EDITORIAL
La elección de un papa dialogante y no europeo puede señalar el cambio que necesita la Iglesia
La inesperada renuncia de Benedicto XVI ha obtenido un resultado también
imprevisto: la sustitución en tiempo récord de la cabeza visible de una
institución global con más de 1.100 millones de seguidores y el histórico
desplazamiento del centro de gravedad desde Europa hacia América, donde reside
en la actualidad el 47% de los católicos. Es la primera vez en la historia de
esta milenaria institución que se elige a un papa jesuita, con lo que eso supone
de solidez y seriedad a priori, y un papa no europeo en más de mil años; y esta
elección recae además en un pontífice cuya lengua materna, el español, es el
primer idioma de esta religión global.
Tales novedades pueden interpretarse como el mensaje de renovación que tantos
esperan para la Iglesia católica.
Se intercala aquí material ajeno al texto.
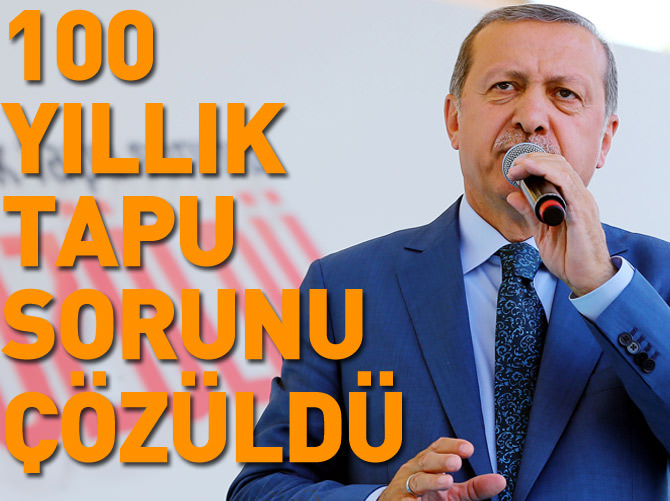200 bin kişiyi ilgilendiren tapu sorunu çözülüyor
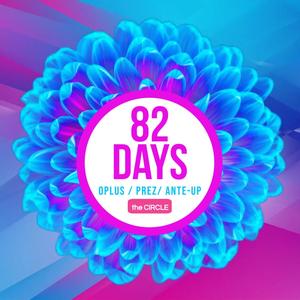 82 Days (feat. OPlus, Prez & Ante Up) (Explicit)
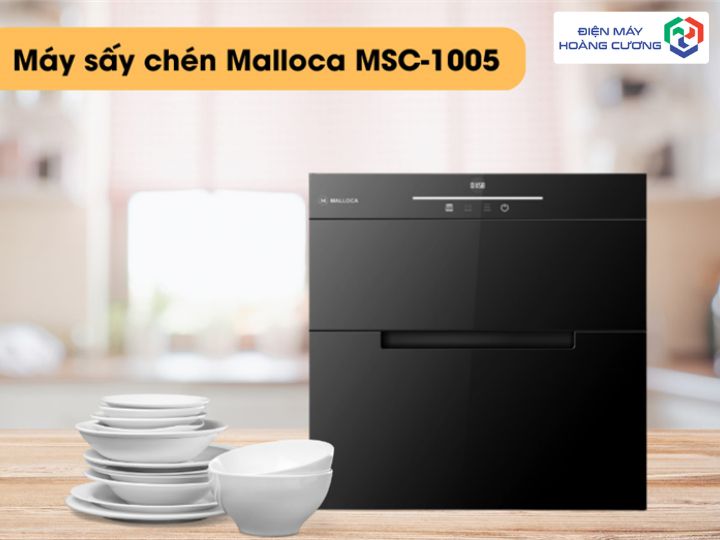 Mua máy sấy chén bát Malloca tại Điện máy Hoàng Cương Khánh Hoà
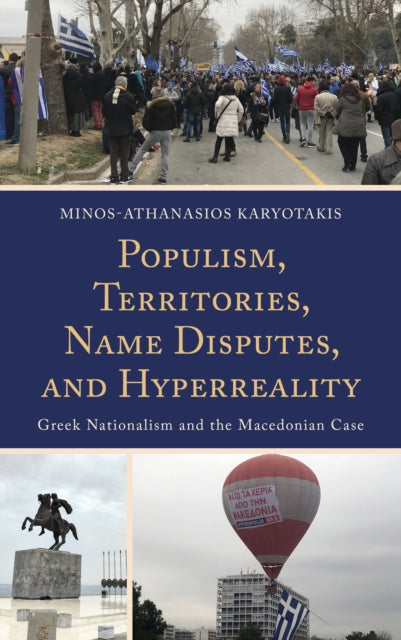 Populism, Territories, Name Disputes, and Hyperreality: Greek Nationalism and the Macedonian Case
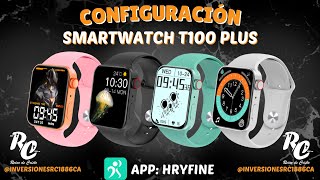 COMO CONFIGURAR RELOJ SMARTWATCH T100 PLUS SERIE 7 APP HRYFINE TUTORIAL Y FUNCIONAMIENTO AÑO 2022 [upl. by Jo Ann]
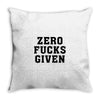 Zero Fucks Given Throw Pillow
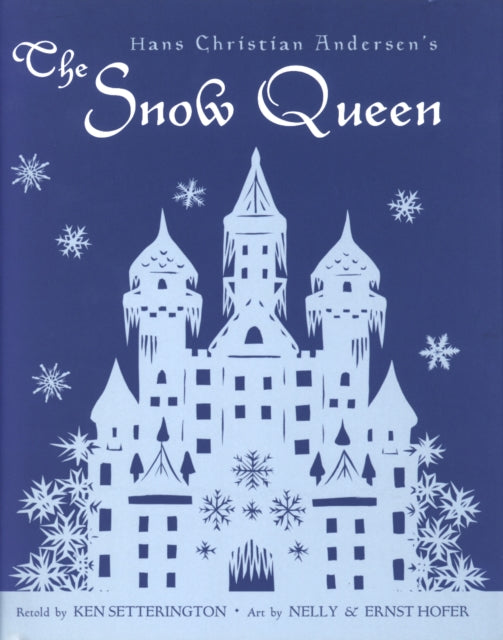 Book cover of: Hans Christian Andersen's The Snow Queen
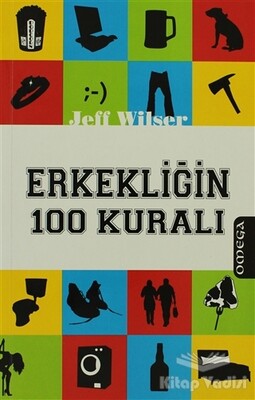 Erkekliğin 100 Kuralı - Omega Yayınları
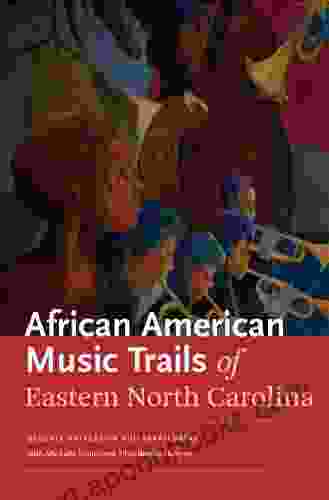 African American Music Trails Of Eastern North Carolina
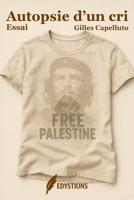 AUTOPSIE D’UN CRI: Une sociologie du militantisme pro-palestinien en Europe (French Edition) B0FD9QPVTW Book Cover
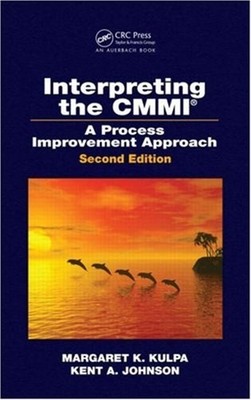 Interpreting the CMMI R : A Process Improvement Approach, Second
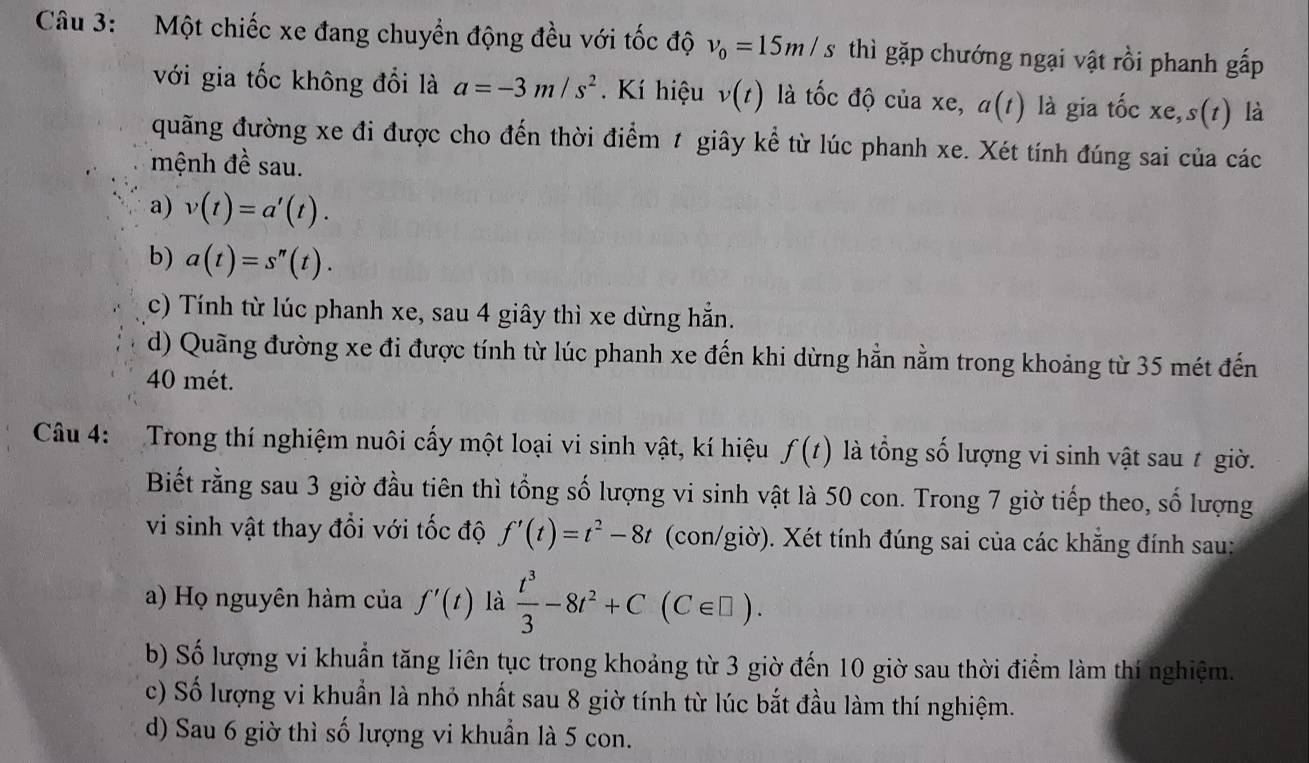 Một chiếc xe đang chuyển động đều với tốc độ v_0=15m/s thì gặp chướng ngại vật rồi phanh gấp
với gia tốc không đổi là a=-3m/s^2.  Kí hiệu v(t) là tốc độ của xe, a(t) là gia that Ocxe,s(t) là
quãng đường xe đi được cho đến thời điểm 1 giây kể từ lúc phanh xe. Xét tính đúng sai của các
mệnh đề sau.
a) v(t)=a'(t).
b) a(t)=s''(t).
c) Tính từ lúc phanh xe, sau 4 giây thì xe dừng hẵn.
d) Quãng đường xe đi được tính từ lúc phanh xe đến khi dừng hẳn nằm trong khoảng từ 35 mét đến
40 mét.
Câu 4:  Trong thí nghiệm nuôi cấy một loại vi sinh vật, kí hiệu f(t) là tổng số lượng vi sinh vật sau t giờ.
Biết rằng sau 3 giờ đầu tiên thì tổng số lượng vi sinh vật là 50 con. Trong 7 giờ tiếp theo, số lượng
vi sinh vật thay đổi với tốc độ f'(t)=t^2-8t (con/giờ). Xét tính đúng sai của các khẳng đính sau:
a) Họ nguyên hàm của f'(t) là  t^3/3 -8t^2+C(C∈ □ ).
b) Số lượng vi khuẩn tăng liên tục trong khoảng từ 3 giờ đến 10 giờ sau thời điểm làm thí nghiệm.
c) Số lượng vi khuẩn là nhỏ nhất sau 8 giờ tính từ lúc bắt đầu làm thí nghiệm.
d) Sau 6 giờ thì số lượng vi khuẩn là 5 con.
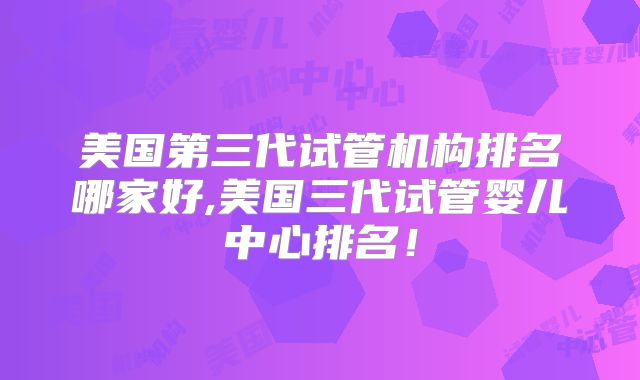 美国第三代试管机构排名哪家好,美国三代试管婴儿中心排名!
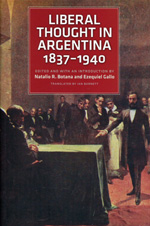 Liberal Thought in Argentina, 1837-1940. 9780865978522
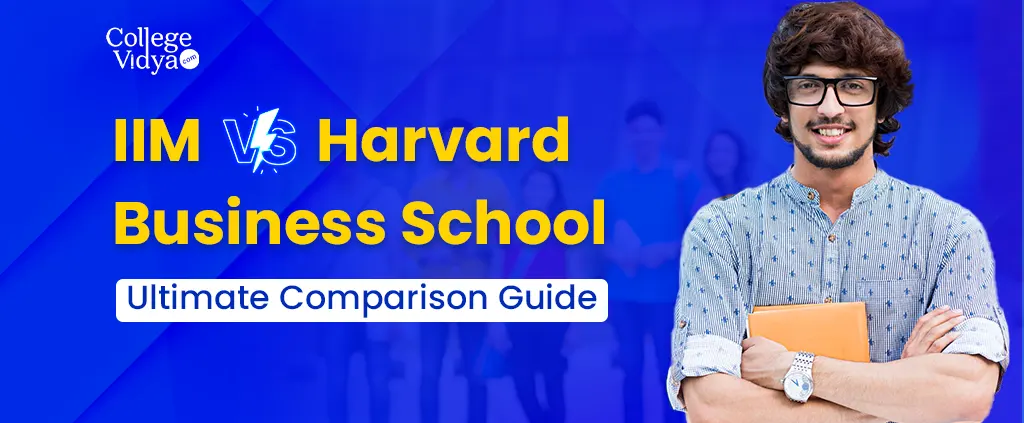 iim vs harvard business school ultimate comparison guide
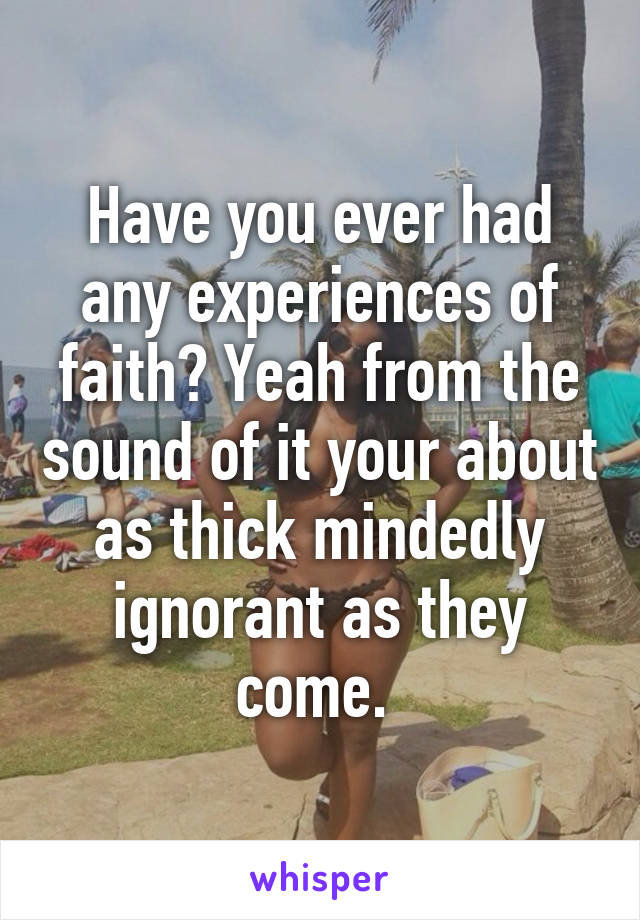 Have you ever had any experiences of faith? Yeah from the sound of it your about as thick mindedly ignorant as they come. 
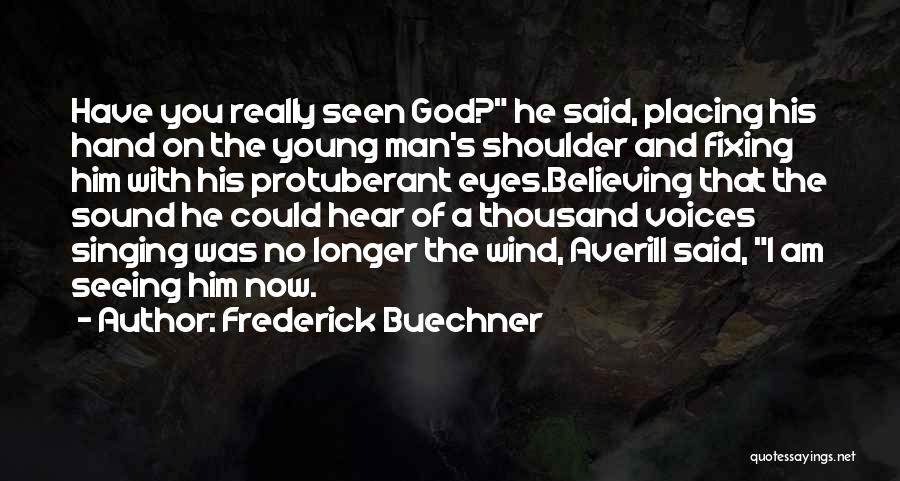 Frederick Buechner Quotes: Have You Really Seen God? He Said, Placing His Hand On The Young Man's Shoulder And Fixing Him With His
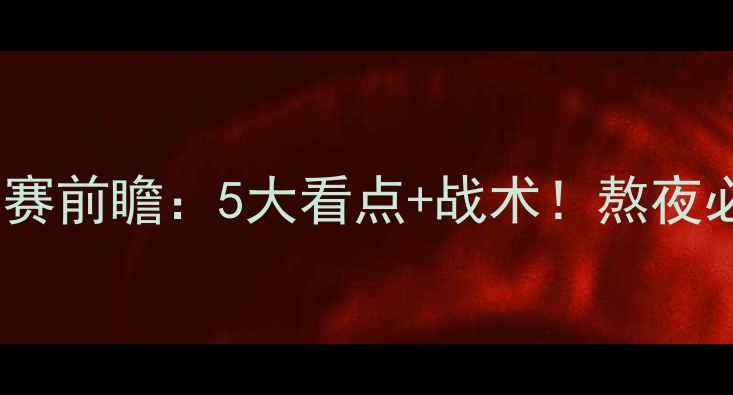 图片 🔥国足vs比赛前瞻：5大看点+战术！熬夜必看攻略🔥1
Porque además de la apertura territorial ahora
estrenada, al nuevo gobierno vaticano le va a resultar difícil ignorar la fuerza
innovadora de la curia americana, que en los días previos al cónclave ha
reclamado protagonismo y aboga por la apertura hacia nuevos planteamientos. No
hay que olvidar que fue Latinoamérica el principal escenario de la acallada
Teología de la Liberación y que fue Estados Unidos el primer país que se rebeló
contra el ocultamiento sistemático por parte de la curia de los abusos sexuales.
Del otro lado del Atlántico provienen también las propuestas de dotar de una
mayor transparencia a una institución apegada al pasado y aquejada por diversos
escándalos. El perfil del jesuita bonaerense Jorge Mario Bergoglio, ahora
Francisco I, es lo suficientemente moderado y está lo suficientemente apartado
de las intrigas vaticanas como para poder emprender ese camino. La sencillez y
el estilo directo de su primer saludo anoche dan idea de un talante
distinto.
Durante estos últimos días, la Iglesia católica ha ofrecido la más vistosa y
arcaica imagen de sí misma. Con un aparato mediático propio, el Vaticano ha
hecho gala de su maestría en la puesta en escena de sus más viejas y solemnes
tradiciones. Una puesta en escena que no esconde los críticos momentos que vive
y que la retirada de Benedicto XVI —la primera en más de cinco siglos— ha
evidenciado indicando el camino a su sucesor. El primer papa que pidió perdón
por los escándalos de pederastia dedicó los últimos días de su pontificado a
advertir contra la corrupción, renovar la cúpula del banco vaticano, forzar la
renuncia de un cardenal acusado de pederastia —el escocés Keith O'Brien—,
expulsar a colaboradores de Tarcisio Bertone y ordenar guardar bajo llave el
informe sobre Vatileaks, los documentos secretos que revelaban la
corrupción que aqueja a la curia y que algunos expertos señalan como la razón de
su dimisión.
Son decisiones que convierten este relevo en excepcional porque, entre otras
cosas, van a determinar, como mínimo, el sentido de los primeros pasos de
Francisco I. La situación que afronta el primer pontífice jesuita y argentino de
la historia es paradójica. Con un número de seguidores sin precedentes y más
extendida que nunca, la Iglesia católica ha perdido influencia en el mundo
moderno y observa además con desánimo el laicismo y la desafección hacia su
jerarquía, tan distante de buena parte de los fieles.
Las tensiones son evidentes en el seno de la propia Iglesia y en relación con
el mundo exterior, que puede quedar fascinado con los ritos pero difícilmente
comprende ya la intransigencia dogmática en asuntos relacionados con el sexo,
las nuevas formas de familia, la igualdad, la bioética y, en general, los usos
democráticos. Nadie esperaría un papa revolucionario y a veces las expectativas
no responden al perfil del elegido, pero las credenciales de Francisco I de
hombre recto y dialogante, unidas a su condición de jesuita, pueden ser una baza
decisiva para la evolución requerida.